NEW IDEAS IN COMPLEXITY SCIENCE

On May 24th, 2018, the First External Faculty Meeting of the Hub started with a public conference.

In short talks complexity scientists from all around globe shared their visions on the question “Complexity: Where do we go from here?”

What are the open, the most pressing, the most promising questions to an understanding of complexity and Big Data?

Find the talks of all conference participants (in order of appearance) on our Youtube channel in the playlist of the conference.

An overview with photographs of the event and links to all available slides can be found here.

JANÓS KERTÉSZ

“BURNING PROBLEMS, MISSING ANSWERS”

The first afternoon session ended with a talk by Janós Kertész, a professor at the Budapest University of Technology and Economics and at the Center for Network Science of the Central European University. Janós looks at the problems humans face, with ever more global crises, the acceleration of the rate of change and why complexity scientists need a different approach.

Janós begins his talk looking back at 1990, the reunification of Germany and the optimism that followed, with hopes for more equality, the spread of democracy, and an end to conflict. Instead we have seen widening inequalities, financial instability, worsening global conflict and the rise of right-wing, populist politics in places like the US, the UK, Austria, Hungary and Poland. This has led to a general sense of fear.

“Behind all of this is complexity,” he says. “The interconnectedness and interdependency grow. Those optimistic hopes were the result of linear thinking.

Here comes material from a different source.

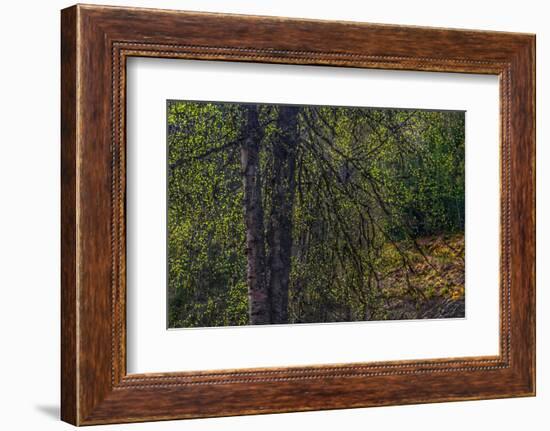 Spring Trees 2-Ursula Abresch-Framed Photographic Print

We thought that if a dictatorship falls, democracy would naturally and immediately increase, but this is much more complex.”

Even simple models show that with increasing interconnectedness, interdependency and thus complexity, linear thinking becomes obsolete. Technological and social changes are accelerating rapidly, and we need new technologies and new ideas to cope. Even so, Janós suggests that some humans will not be able to cope with the speed of changes and we may even see further natural selection.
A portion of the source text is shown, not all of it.